While consumers find unusual and culturally resonant fragrance options, perfumers and marketing professionals stay on-trend with ingredient selections, sourcing and the emotional stories they convey. According to Greg Weiss and Dave Niemera, perfumers with Firmenich, “There are several key factors considered in creating an air care fragrance. Primary importance is client and consumer knowledge. For example, for Yankee Candle, it is important to understand the Yankee consumer in terms of their expectations from a fragrance standpoint. In Yankee’s case, there’s an expectation of comfort and warmth across all their fragrances. For other clients, the expectation might be a literal translation of the fragrance name with high impact. So, creative development needs to translate these consumer expectations to the client across all fragrances.”

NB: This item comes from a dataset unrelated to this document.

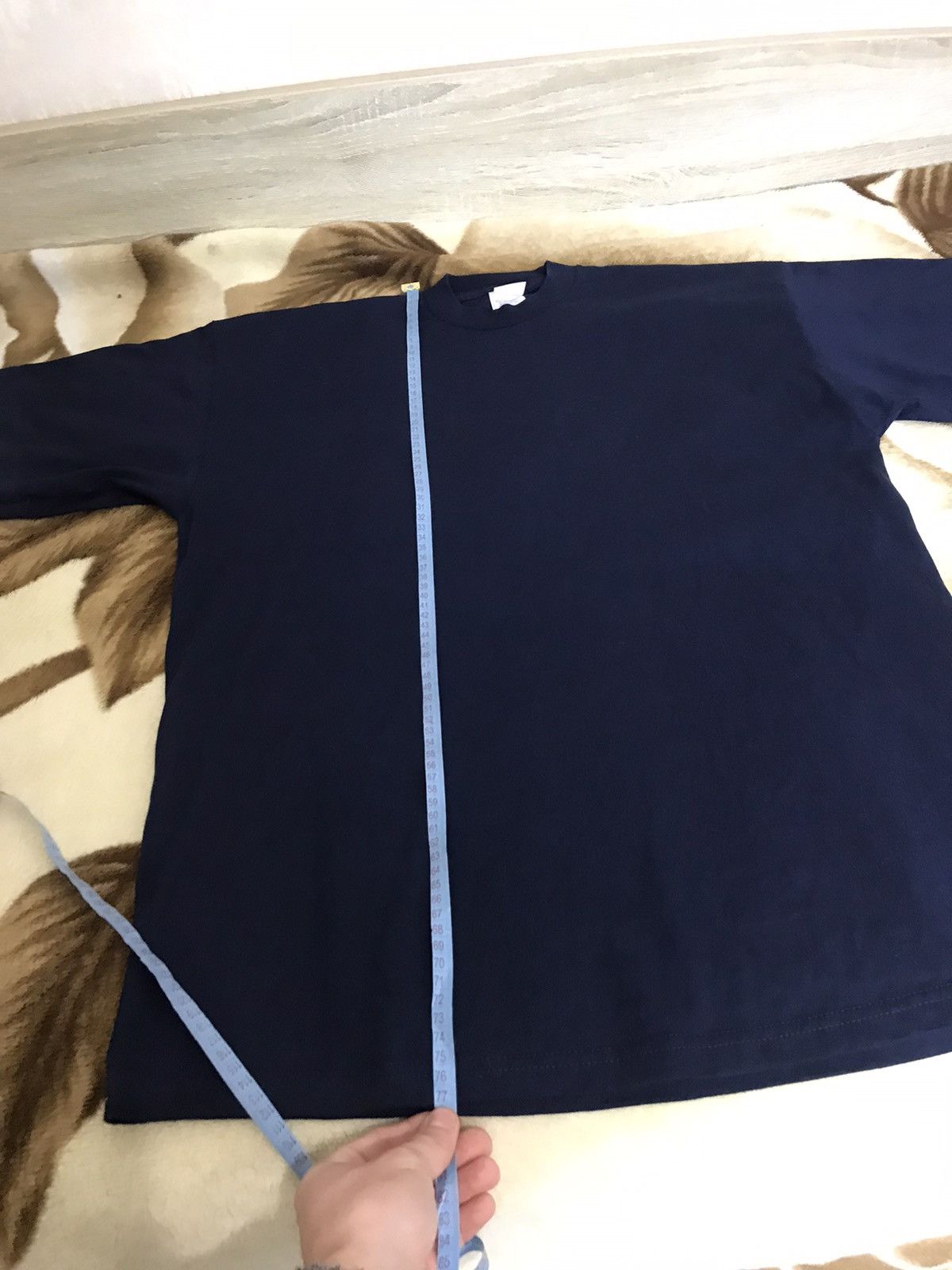 Vintage 🔥 90s Crime Scene Investigator LA Police USA Vintage Shirt Size US XL / EU 56 / 4 - 7 Thumbnail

Technical construction is also important, as the fragrance must perform in synchronization with the technical application of the product, like a liquid electrical plug-in, a non-electric gel diffuser or an aerosol. “Evaporation rates of various components are considered, and compatibility of fragrance components with packaging components is also an important consideration. Duration of fragrance performance must be taken into account to meet specific product claims, as well,” added Weiss and Niemera.